Er zijn heel veel soorten kunststoffen, welke kunnen worden ingedeeld in drie groepen:
Thermoplasten – Thermoplasten veranderen van vorm als je ze verwarmt. Je kunt ze dan in een bepaalde vorm persen. Als de thermoplast weer afkoelt houdt hij zijn nieuwe vorm. Toepassingen van thermoplasten zijn koffiebekertjes, frisdrankflessen (PET-flessen), kleding, afvoerbuizen en folie. Circa 90% van alle geproduceerde plastics zijn thermoplasten. Thermoplasten kunnen meerdere malen gerecycled worden.
Thermoharders – Thermoharders zijn harde plastics. Je kunt ze niet
bekrassen en je kunt er moeilijk een stukje afbreken.

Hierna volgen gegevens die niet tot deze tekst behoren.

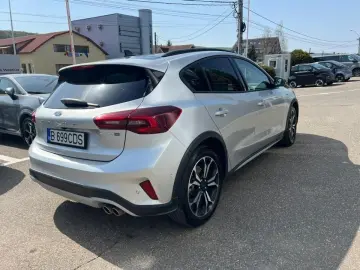 Ford Focus MCA 5 usi Active X 1.0T EcoBoost mHEV 155 CP A7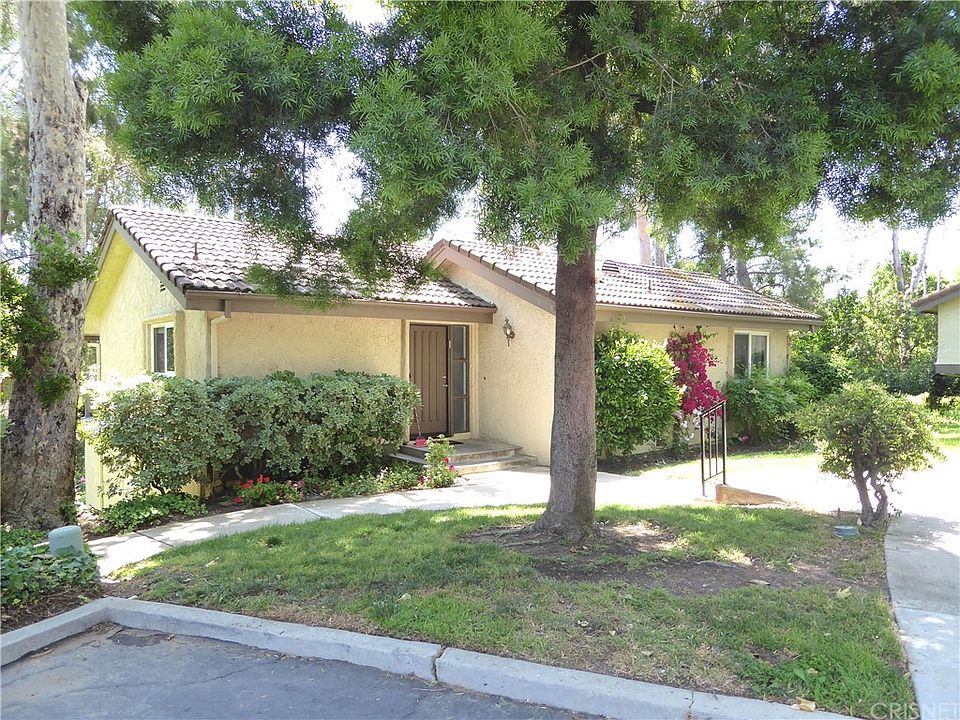 1st image of 6 N Meadowlark Ln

Thermoharders houden dezelfde vorm als je ze verwarmt. Toepassingen van thermoharders zijn stopcontacten, surfplanken, tennisrackets, zeilboten, vulling voor matrassen en kussens.
Elastomeren – Elastomeren bevatten thermoharders én thermoplasten. Rubber is een elastomeer (zie ook Wat is rubber?). Voorbeelden van toepassingen van elastomeren zijn autobanden en schoenzolen, elastiek en spenen.
Soms worden kunststoffen versterkt, bijvoorbeeld door toevoeging van glasvezel, maar ook met andere kunststofvezels zoals Kevlar, Twaron en Dyneema, of door toevoeging van natuurlijke vezels (bamboe, hennep).